After a very warm end to the year in terms of prices, January inflation would drop by one level, but remain at very high levels. According to private consultancy firms, we are witnessing a double reorganization upwards (values that continue to decline, such as private services, transport and fuel) and also downwards (excessive findings such as coverages that decrease, such as some foods and textiles). . For now, forecasts for the first month of the year range between 20 and 25%.this is a few points below a scorching December.
On Wednesday the government acknowledged that the previous month’s inflation (which will be officially released on January 11) it will be around 30% so much so that the accumulated in 2023 would be close to 200%. “We understand that the problem of inflation is one of the great battles that we have to fight and that we are fighting, and we know very well how to end inflation, but it is a long process,” presidential spokesman Manuel Adorni said today. who described the inheritance he received as “a disaster”.
Adorni, an economist by profession, detailed the consequences of the large distortion existing in some prices, “such as those of fuel or exchange rates”, in the general increases recorded in recent weeks. Currently, Consulting firms estimate that between 9 and 13% will be reported in January, which anticipates another very negative cost of living index. From where? It is not clear why There is a lot of dispersion regarding forecasts.
For Abeceb, Inflation in December was 31.2% and for January it is expected between 25 and 26%.. “A new round of adjustments is expected in fuels, a little less in foodstuffs, prepaid services and other services, especially in AMBA, all as a consequence of the distortion of relative prices,” he said Clarion Elisabeth Bacigalupo, chief economist of that consultancy firm. Sebastián Menescaldi, associate director of Eco Go, Sebastian Menescaldi, calculates this with December’s 10% statistical dragplus price increases for regulated services (transport, prepaid, communications), projects that in January “will close between 22 and 23% inflation”.
Menescaldi believes that “food increases are likely slowing and starting to normalize; Other prices are already limited by demand, as in the textile sector“What has happened is that there have been many rebranding of covers due to uncertainty and now they are being rebranded downwards due to lack of sales,” the specialist points out.
In any case, it is assumed that December’s record will be the highest since the hyperinflation of 1990. “The consumer price index (CPI) showed a notable acceleration in December, rising from 12.7% in November to 24 .7% last month, this being the largest monthly change in the history of the index”, reads the latest Ecolatina report.
The consultancy adds that on an annual basis, inflation rose to 212.3%, “well above the 95.7%” of the same month last year.

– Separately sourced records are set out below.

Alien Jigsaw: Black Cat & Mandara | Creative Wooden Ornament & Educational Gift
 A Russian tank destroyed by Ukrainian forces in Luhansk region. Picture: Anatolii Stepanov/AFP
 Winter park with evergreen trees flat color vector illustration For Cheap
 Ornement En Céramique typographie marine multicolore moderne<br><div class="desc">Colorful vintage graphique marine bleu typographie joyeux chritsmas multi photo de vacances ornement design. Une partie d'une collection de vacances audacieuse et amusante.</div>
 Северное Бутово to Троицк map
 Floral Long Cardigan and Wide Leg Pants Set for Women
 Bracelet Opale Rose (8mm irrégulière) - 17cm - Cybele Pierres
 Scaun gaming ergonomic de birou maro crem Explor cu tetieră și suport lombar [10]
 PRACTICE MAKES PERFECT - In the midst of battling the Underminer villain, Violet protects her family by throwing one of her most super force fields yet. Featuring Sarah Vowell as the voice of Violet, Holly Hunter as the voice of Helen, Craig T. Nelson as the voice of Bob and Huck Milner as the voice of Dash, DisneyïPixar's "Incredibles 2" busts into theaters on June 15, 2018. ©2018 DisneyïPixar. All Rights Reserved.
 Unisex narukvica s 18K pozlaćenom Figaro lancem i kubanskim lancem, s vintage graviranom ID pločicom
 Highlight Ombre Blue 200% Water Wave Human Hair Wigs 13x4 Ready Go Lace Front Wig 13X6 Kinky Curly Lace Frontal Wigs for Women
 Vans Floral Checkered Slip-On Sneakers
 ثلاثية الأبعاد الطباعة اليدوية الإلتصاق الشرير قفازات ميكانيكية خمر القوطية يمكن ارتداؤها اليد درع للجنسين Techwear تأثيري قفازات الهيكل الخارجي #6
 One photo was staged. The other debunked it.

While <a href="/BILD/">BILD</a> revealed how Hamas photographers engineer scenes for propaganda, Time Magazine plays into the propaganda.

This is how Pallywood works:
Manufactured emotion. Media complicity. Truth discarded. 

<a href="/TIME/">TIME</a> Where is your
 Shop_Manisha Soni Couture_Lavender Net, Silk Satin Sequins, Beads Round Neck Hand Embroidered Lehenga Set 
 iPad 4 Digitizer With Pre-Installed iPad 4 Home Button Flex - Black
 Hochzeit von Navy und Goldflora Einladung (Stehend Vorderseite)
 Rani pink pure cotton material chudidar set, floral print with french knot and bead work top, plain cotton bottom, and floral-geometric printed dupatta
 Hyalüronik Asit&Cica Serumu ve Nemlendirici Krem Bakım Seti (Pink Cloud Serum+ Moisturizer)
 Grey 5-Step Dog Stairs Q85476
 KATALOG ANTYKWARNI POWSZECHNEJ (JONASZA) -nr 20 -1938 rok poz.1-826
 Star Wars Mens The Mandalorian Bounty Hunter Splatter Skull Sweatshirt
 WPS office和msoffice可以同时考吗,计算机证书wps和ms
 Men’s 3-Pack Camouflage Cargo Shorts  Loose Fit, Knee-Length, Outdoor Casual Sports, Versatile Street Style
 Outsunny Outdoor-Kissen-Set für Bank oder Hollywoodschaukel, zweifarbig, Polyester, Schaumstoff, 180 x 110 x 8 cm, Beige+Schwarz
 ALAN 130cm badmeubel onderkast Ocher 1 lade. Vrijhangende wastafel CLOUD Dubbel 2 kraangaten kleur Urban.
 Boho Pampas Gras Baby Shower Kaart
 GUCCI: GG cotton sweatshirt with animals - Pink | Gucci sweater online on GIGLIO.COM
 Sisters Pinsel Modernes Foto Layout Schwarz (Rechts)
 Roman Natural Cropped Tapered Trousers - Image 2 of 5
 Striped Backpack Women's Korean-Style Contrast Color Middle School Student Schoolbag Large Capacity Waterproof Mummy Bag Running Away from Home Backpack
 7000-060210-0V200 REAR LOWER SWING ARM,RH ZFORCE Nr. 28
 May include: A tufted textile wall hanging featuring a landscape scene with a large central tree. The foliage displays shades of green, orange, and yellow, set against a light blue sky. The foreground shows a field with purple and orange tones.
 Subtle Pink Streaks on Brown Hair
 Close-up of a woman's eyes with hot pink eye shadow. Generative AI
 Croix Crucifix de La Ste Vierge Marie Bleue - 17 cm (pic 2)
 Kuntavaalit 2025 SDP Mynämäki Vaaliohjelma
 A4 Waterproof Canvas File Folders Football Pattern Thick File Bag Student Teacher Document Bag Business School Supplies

Like other consultancy firms, Ecolatina explains that “the acceleration responded above all to the dynamics of the dismantling of price agreements (Fair Prices) and the transfer onto prices of the mid-month jump in the official exchange rate (+118%)”.
Thus they allude to the rise of the official dollar, which went from $365 to $800 in mid-Decemberwhich impacted across-the-board increases in heavily import-dependent products (electronics, motorcycles, cars, among others) and the end of the previous government’s anti-inflationary programs, which set limits on monthly increases well below inflation and prices of fuel, which were “in decline”. YPF and Shell increased petrol and diesel prices by between 25 and 26% yesterday at midnight..
“For January we estimate inflation above 25%, while for December we believe it would be around 28%.. That is, we expect monthly inflation similar to December and January, which will accumulate more than 60% in just two months”, introduces Florencia Iragui, economist at LCG. The expert adds that “December was a month in which, due to the the uncertainty of the change of government, the inertia of the previous inflation, the jump in the official exchange rate and the fall of the “Fair Prices” program, food prices increased significantly: in the 4 weeks they recorded a end-to-end variation of 36%.
“This percentage – continues Iragui – leaves a strong brake on the fact that, if for some reason in the next 4 weeks the change in prices was 0%, the average increase would be 12%. This only in food. If we imagine this in all areas, we see that it is difficult for monthly inflation in January to be much lower than that of December.”
Economists take into account that there have already been announcements of increases in fuel, prepaid cards, buses and subways, which “leaves a very difficult first month of the year in your pocket, even if we know that these may be categories that are a little behind in respect to general inflation”, insists Iragui.
Santiago Romero Manoukian, of Ecolatina, agrees that “increases are already being observed in several sectors, which is why January inflation will once again be above 20%, although in principle we expect it to be a little lower than that of December, but very high inflation accumulated in the two months”.
“We are in the eye of the storm, in the hardest phase of the correction of relative prices. where those who are left behind must not only increase a lot, but also readjust above the average”, says the economist. According to him, the government tries to concentrate most of the increases in the first quarter of the year, while its the honeymoon passes with the company. “We see it clearly with fuel,” he concludes.